Abstract

This article focuses on the (unweighted) graph-based mathematical morphology operators presented in [J. Cousty et al, Morphological filtering on graphs , CVIU 2013]. These operators depend on a size parameter that specifies the number of iterations of elementary dilations/erosions. Thus, the associated running times increase with the size parameter, the algorithms running in O(λ.n) time, where n is the size of the underlying graph and λ is the size parameter. In this article, we present distance maps that allow us to recover (by thresholding) all considered dilations and erosions. The algorithms based on distance maps allow the operators to be computed with a single linear O(n) time iteration, without any dependence to the size parameter.
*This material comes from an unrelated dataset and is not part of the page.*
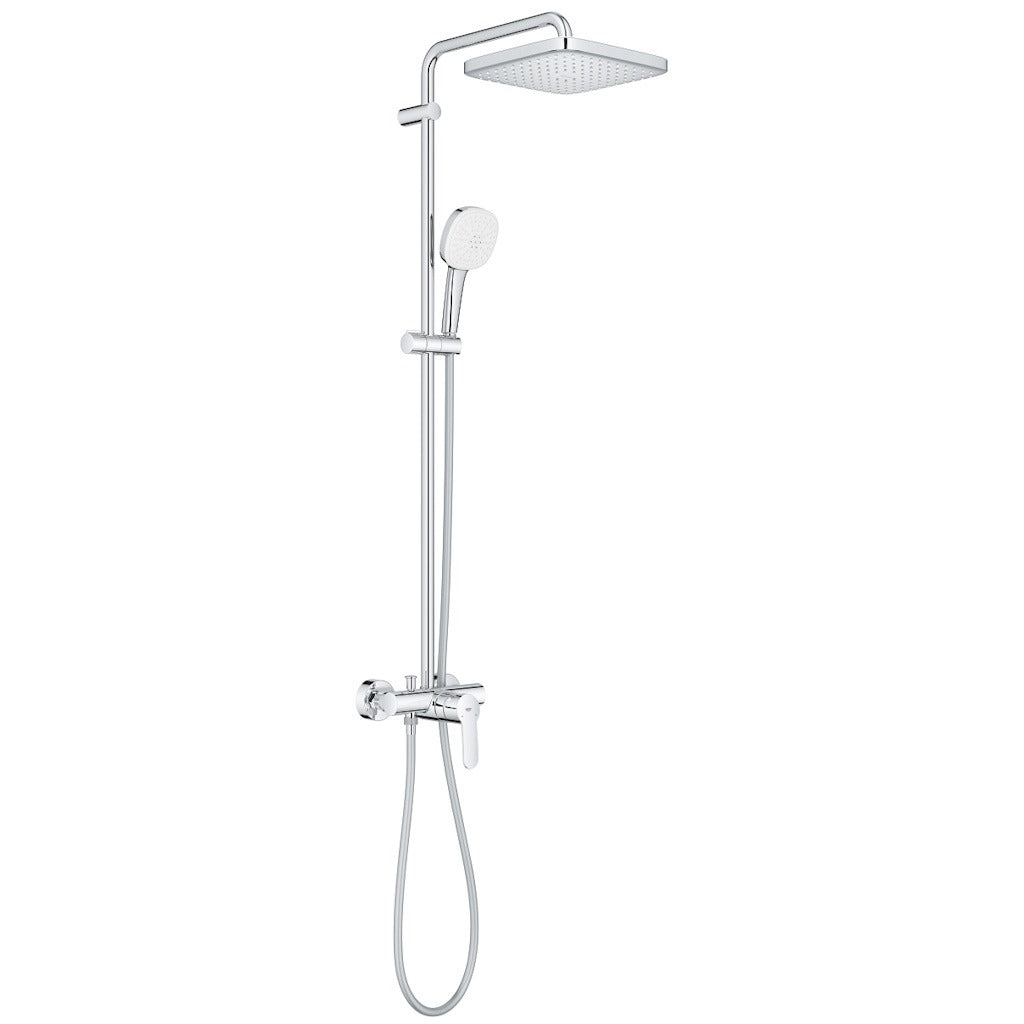 Coloana dus cu baterie fara termostat Grohe Tempesta System 250 Cube, crom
Then, we investigate a parallelization strategy to compute these distance maps. The idea is to build iteratively the successive level-sets of the distance maps, each level set being traversed in parallel. Under some reasonable assumptions about the graph and sets to be dilated, our parallel algorithm runs in O(n/p + K log 2 p) where n, p, and K are the size of the graph, the number of available processors, and the number of distinct level-sets of the distance map, respectively. Then, implementations of the proposed algorithm on a shared-memory multicore architecture are described and assessed on datasets of 45 images and 6 textured 3-dimensional meshes, showing a reduction of the processing time by a factor up to 55 over the previously available implementations on a 8 core architecture.